Quero que as pessoas se sintam acolhidas, abraçadas pela energia da Bahia. O bistrô foi pensado como um cantinho baiano em pleno interior paulista. A decoração com peças típicas, as roupas de baiana, o cheirinho de dendê, o som do atabaque, tudo convida a uma imersão.

Mais do que comer, quero que as pessoas vivam uma experiência. Que sintam alegria, nostalgia, fé, pertencimento. Que lembrem da infância, da família, da terra natal. Que se sintam em casa, mesmo que seja pela primeira vez ali.

6) Tem algum prato do cardápio que tenha uma história especial ou um significado maior pra você?

Sem dúvida, o acarajé. Ele é o rei do bistrô, e eu me sinto a rainha dele. É mais do que um prato, é um símbolo. Cada bolinho que preparo carrega ancestralidade, fé e afeto. Falo com a comida enquanto cozinho, acredito que ela sente nossa energia.

O acarajé me reconectou com quem eu sou, me deu um novo rumo e me trouxe de volta à minha essência. Ele representa tudo: minha infância, minha cultura, minha força como mulher e como empreendedora. Por isso, merece destaque e respeito.

7) Como você mantém a tradição da comida de terreiro e da culinária baiana fora da Bahia?

Com muito respeito, cuidado e amor. Uso ingredientes autênticos: o dendê é de verdade, o camarão é seco, o vatapá é feito com paciência. Sigo as receitas da minha família ancestral e mantenho a espiritualidade que envolve esse preparo.

A comida de terreiro exige silêncio, concentração e fé. Quando estou na cozinha, tudo tem um tempo, um ritmo. A tradição é mantida não só pelos sabores, mas pela energia com que tudo é feito. E os clientes percebem isso. Sentem o axé.

8) Como é a sua relação com os clientes? Tem alguma história marcante que viveu com alguém que passou pelo bistrô?

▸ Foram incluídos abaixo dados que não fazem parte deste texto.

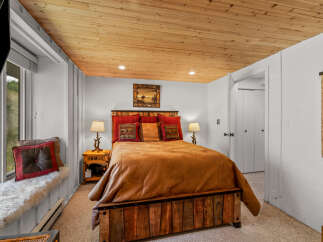 Experience rustic charm in this cozy bedroom featuring a plush queen-sized bed with a warm, inviting comforter and decorative pillows.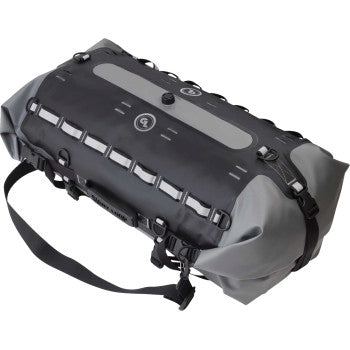 The Tillamook Dry Bag™ 48 Liter Black Gray by Giant Loop is a durable, waterproof duffel with a shoulder strap, multiple buckles, top attachment loops, and an integrated anchor strap system—ideal for outdoor or adventure use.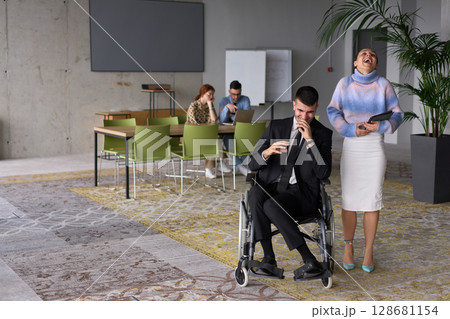 In a professional office setting, a businesswoman helping her director, who is sitting in a wheelchair and using a tablet, while their colleagues collaborate in the background. In a professional office setting, a businesswoman helping her director, who is sitting in a wheelchair and using a tablet, while their colleagues collaborate in the background. 128681154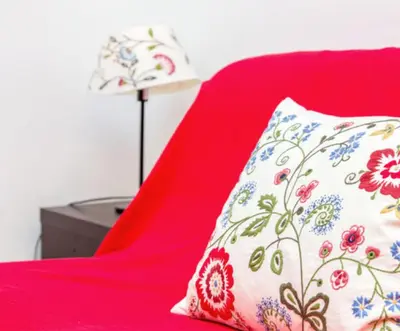 a red chair with a pillow and a lamp at Charming Studio near the Colosseum in Rome, 45 m² with Balcony in Rome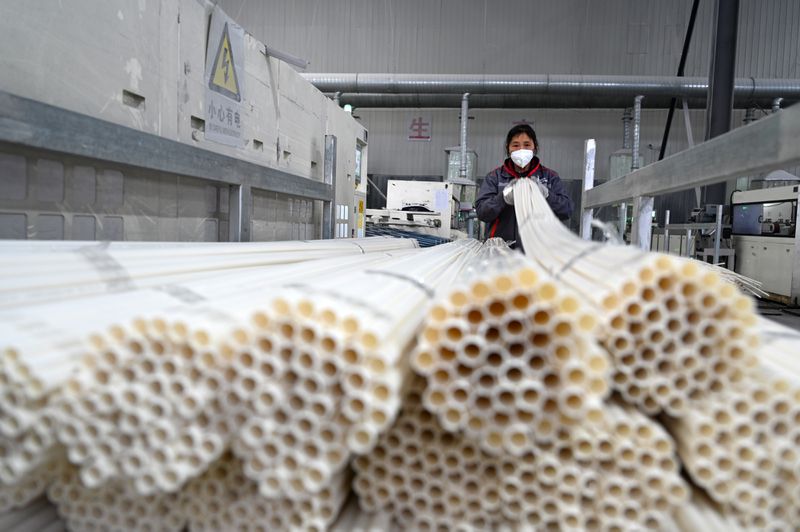A worker holding a bundle of long PVC pipes.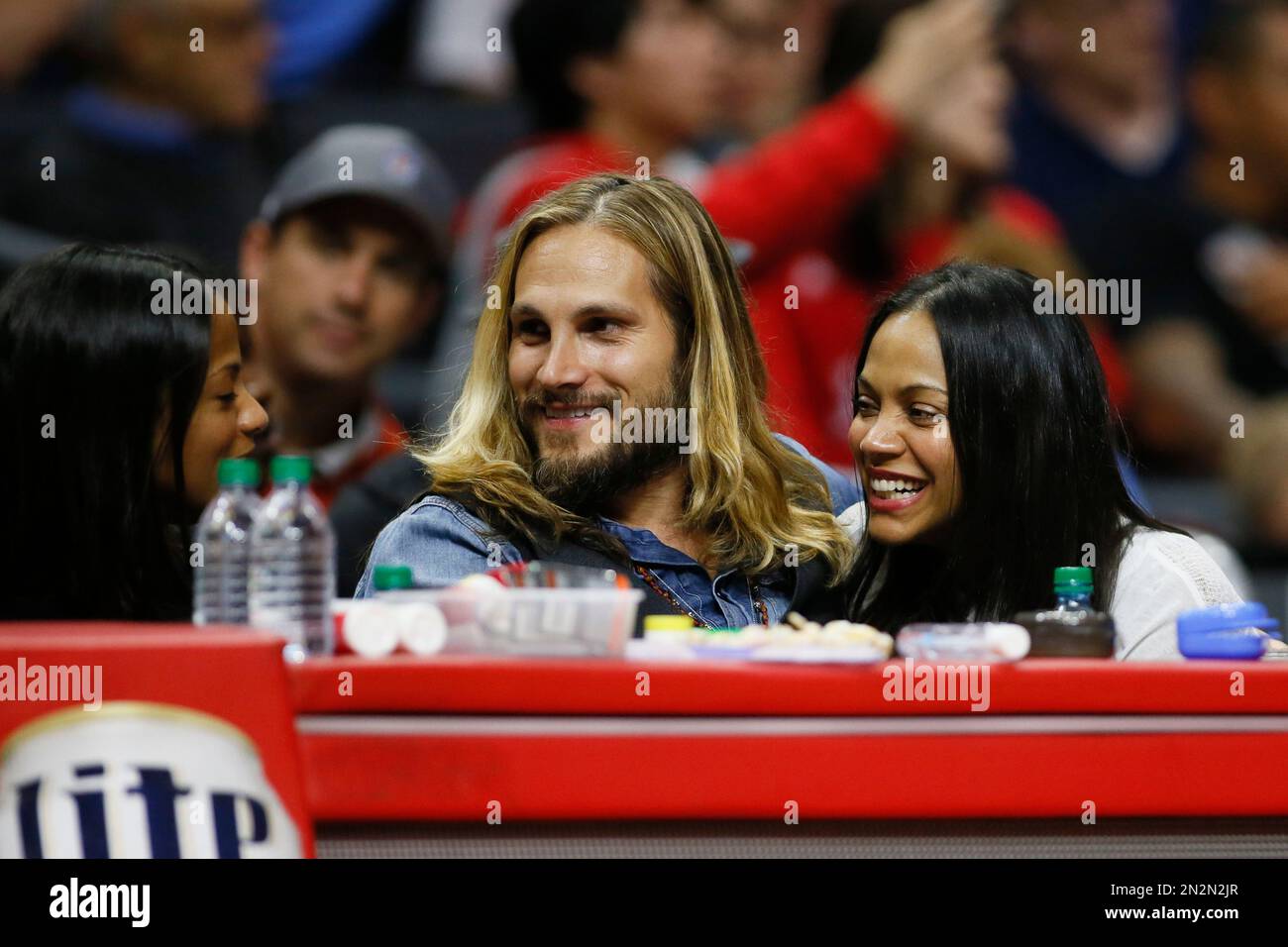 Actress Zoe Saldana, right, her husband Marco Perego and sister Cisely ...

Minha relação com os clientes é de muito carinho. Gosto de conversar, saber de onde vieram, por que escolheram o Bistrô. Me emociono com histórias que escuto todos os dias. Já recebi pessoas que choraram ao provar o acarajé, dizendo que se sentiram na casa da avó ou de volta à Bahia depois de anos.

Teve uma cliente que me disse que meu bistrô curou a saudade que ela sentia da terra dela. Isso me tocou profundamente. Porque mais do que alimentar o corpo, estou alimentando memórias e afetos.

9) Que conselho você daria para outras mulheres que querem empreender valorizando suas raízes?

Sejam fiéis a quem vocês são. Não tenham medo de colocar a alma no que fazem. Honrem suas raízes, suas histórias, suas vozes. Empreender com verdade é difícil, mas é também libertador. Não se moldem ao que esperam de vocês, criem seu próprio caminho.

Acreditem na força da ancestralidade, no poder da comida feita com amor e nas histórias que carregam. E nunca esqueçam: a nossa cultura é resistência. É identidade. Quando você empreende com propósito, o universo conspira a favor.